Extending array intersection ops to bloom indexes

From: Lauri Svan <lauri(dot)svan(at)rescomms(dot)com>
To: pgsql-hackers(at)postgresql(dot)org
Subject: Extending array intersection ops to bloom indexes
Date: 2020-09-16 11:34:26
Message-ID: CAAsqVvWbz0n7JYMNRJCc_-10wFsVSmWz+Ws0L5gS99kFedz75w@mail.gmail.com
Views: Raw Message | Whole Thread | Download mbox | Resend email
Thread:
Lists: pgsql-hackers

The current Bloom index implementation only supports = operator, but states
in the documentation that it could be extended to handle array intersection
or union queries in future. As the original authors are hanging out in this
list, I would like to discuss what such implementation might be.

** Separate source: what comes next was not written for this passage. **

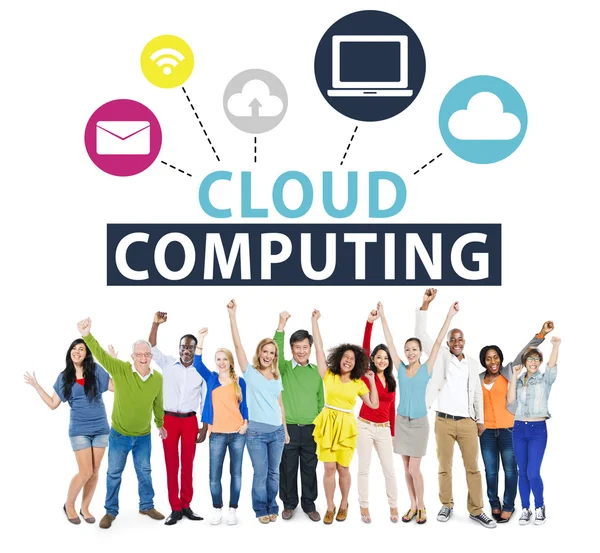 Różnorodność osób i Cloud Computing koncepcja — Zdjęcie stockowe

I just started the investigation and most of what I am writing here is
likely faulty. What I currently ponder is if it were sufficient to OR the
hashed array values together and store in one go to the index, or if each
array value would need to be stored separately. The index insertion looks
somewhat costly, and it does not feel right to repeat that work for each
array element. The same would apply to the set membership queries - single
or many. If I am not totally mistaken, this depends on the number of
different hashing functions used, as each function would yield different
values. However, if I understood the operator class for the current bloom
index, we only give one hash function?

My own C skills are getting a bit rusty and I am new to pg codebase, but
I'll take that as a positive challenge. Any help in the algorithm and/or
implementation would be appreciated (even a small paid contribution would
not be out of question).

As to the problem I aim to solve, our small startup recently bumped into a
performance problem where I believe bloom index might help. We use arrays
extensively in our activity log, which stores a reference to pretty much
every record that changed during an activity. It is a somewhat heavy
structure, and while we index it using GIN indexes and partition by
timestamp, it already becomes slow to query with >10M rows. Surprisingly
the GIN index works slower than a full table scan to the partition within
the query time range. The table structure could be changed (e.g. unroll the
arrays, resulting in 10-20x the rows), but I'd like to exercise if the
problem could be solved with proper indexes, first.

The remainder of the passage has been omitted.